=== Data for processing ===

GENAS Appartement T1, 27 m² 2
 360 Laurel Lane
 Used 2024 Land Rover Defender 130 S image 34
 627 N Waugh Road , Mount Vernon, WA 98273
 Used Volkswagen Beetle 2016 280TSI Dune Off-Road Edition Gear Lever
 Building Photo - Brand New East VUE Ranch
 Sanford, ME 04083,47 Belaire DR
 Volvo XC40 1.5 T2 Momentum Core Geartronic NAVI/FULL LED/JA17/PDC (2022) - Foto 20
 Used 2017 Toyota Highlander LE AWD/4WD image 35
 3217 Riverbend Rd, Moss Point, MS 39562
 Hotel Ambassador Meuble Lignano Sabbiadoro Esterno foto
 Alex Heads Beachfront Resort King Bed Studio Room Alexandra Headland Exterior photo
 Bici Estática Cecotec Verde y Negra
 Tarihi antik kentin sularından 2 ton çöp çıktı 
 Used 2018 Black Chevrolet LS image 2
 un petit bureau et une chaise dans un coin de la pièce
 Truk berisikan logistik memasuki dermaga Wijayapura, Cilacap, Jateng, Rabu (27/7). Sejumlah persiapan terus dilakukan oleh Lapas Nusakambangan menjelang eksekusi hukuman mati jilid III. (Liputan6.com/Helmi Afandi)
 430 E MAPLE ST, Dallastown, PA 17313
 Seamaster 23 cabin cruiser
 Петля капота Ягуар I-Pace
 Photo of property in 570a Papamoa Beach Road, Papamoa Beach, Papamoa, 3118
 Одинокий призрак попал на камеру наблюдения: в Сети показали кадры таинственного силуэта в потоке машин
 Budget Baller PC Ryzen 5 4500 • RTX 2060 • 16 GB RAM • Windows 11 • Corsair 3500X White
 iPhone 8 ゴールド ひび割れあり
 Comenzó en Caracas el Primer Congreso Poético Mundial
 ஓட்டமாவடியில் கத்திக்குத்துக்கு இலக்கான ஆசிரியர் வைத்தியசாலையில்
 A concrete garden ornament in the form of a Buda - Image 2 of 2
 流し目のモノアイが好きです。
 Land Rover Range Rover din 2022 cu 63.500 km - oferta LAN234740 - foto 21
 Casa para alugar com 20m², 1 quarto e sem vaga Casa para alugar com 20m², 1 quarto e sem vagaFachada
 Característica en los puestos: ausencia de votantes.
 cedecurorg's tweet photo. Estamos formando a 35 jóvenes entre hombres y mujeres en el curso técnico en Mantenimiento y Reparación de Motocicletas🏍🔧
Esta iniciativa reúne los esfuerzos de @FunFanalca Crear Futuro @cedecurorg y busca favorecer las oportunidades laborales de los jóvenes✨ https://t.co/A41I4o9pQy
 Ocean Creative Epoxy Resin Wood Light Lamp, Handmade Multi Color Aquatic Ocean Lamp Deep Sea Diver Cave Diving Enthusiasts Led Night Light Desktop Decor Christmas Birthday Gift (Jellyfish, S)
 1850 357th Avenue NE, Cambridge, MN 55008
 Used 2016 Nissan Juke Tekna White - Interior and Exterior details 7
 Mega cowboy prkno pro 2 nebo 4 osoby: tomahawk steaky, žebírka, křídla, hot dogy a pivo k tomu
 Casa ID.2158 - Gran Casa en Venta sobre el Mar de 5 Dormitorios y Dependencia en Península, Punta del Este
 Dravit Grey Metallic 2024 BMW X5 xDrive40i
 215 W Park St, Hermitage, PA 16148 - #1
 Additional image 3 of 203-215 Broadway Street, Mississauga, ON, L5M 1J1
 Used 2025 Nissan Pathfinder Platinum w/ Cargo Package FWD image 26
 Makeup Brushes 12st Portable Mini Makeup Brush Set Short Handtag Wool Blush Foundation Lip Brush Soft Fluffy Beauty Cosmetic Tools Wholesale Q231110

===

▸ **Your objective**
Write out exactly the lines above from the line with "Used 2016 Nissan" through the line with "Used 2025 Nissan", both of them included, and leave out all other lines.

▸ **Solution**
 Used 2016 Nissan Juke Tekna White - Interior and Exterior details 7
 Mega cowboy prkno pro 2 nebo 4 osoby: tomahawk steaky, žebírka, křídla, hot dogy a pivo k tomu
 Casa ID.2158 - Gran Casa en Venta sobre el Mar de 5 Dormitorios y Dependencia en Península, Punta del Este
 Dravit Grey Metallic 2024 BMW X5 xDrive40i
 215 W Park St, Hermitage, PA 16148 - #1
 Additional image 3 of 203-215 Broadway Street, Mississauga, ON, L5M 1J1
 Used 2025 Nissan Pathfinder Platinum w/ Cargo Package FWD image 26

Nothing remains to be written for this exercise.